If you haven't used them before, here's how Decision Trees work: the algorithm will go through every variable (column) in your data and every value for each variable and split your data into two sub-sets based on each of those values. Which of these splits is actually chosen by the algorithm--i.e., what is the splitting criterion? The particular variable/value combination that "purifies" the data the most (i.e., maximizes the information gain) is chosen to split the data (that variable/value combination is usually indicated as the node's label). This simple heuristic is just performed recursively until the remaining data sub-sets are pure or further splitting doesn't increase the information gain.
What does this tell you about the "importance" of the variables in your data set? Well importance is indicated by proximity to the root node--i.e., hierarchical level or rank.

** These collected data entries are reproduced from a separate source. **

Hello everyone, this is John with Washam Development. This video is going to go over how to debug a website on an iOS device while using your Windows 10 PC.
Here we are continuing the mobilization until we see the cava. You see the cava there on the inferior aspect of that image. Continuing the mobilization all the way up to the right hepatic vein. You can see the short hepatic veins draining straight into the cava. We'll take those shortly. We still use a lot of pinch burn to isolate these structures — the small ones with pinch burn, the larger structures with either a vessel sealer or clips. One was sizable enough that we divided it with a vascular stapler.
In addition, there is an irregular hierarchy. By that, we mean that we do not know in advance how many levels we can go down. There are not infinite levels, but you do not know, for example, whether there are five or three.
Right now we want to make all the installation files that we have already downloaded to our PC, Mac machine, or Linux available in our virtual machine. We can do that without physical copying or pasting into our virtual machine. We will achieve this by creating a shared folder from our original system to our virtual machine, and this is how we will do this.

One suggestion: decision trees handle both categorical and discrete data usually without problem; however, in my experience, decision tree algorithms always perform better if the response variable (the variable you are trying to predict using all other variables) is discrete/categorical rather than continuous. It looks like yours is probably continuous, in which case in would consider discretizing it (unless doing so just causes the entire analysis to be meaningless). To do this, just bin your response variable values using parameters (bin size, bin number, and bin edges) meaningful w/r/t your problem domain--e.g., if your r/v is comprised of 'continuous values' from 1 to 100, you might sensibly bin them into 5 bins, 0-20, 21-40, 41-60, and so on.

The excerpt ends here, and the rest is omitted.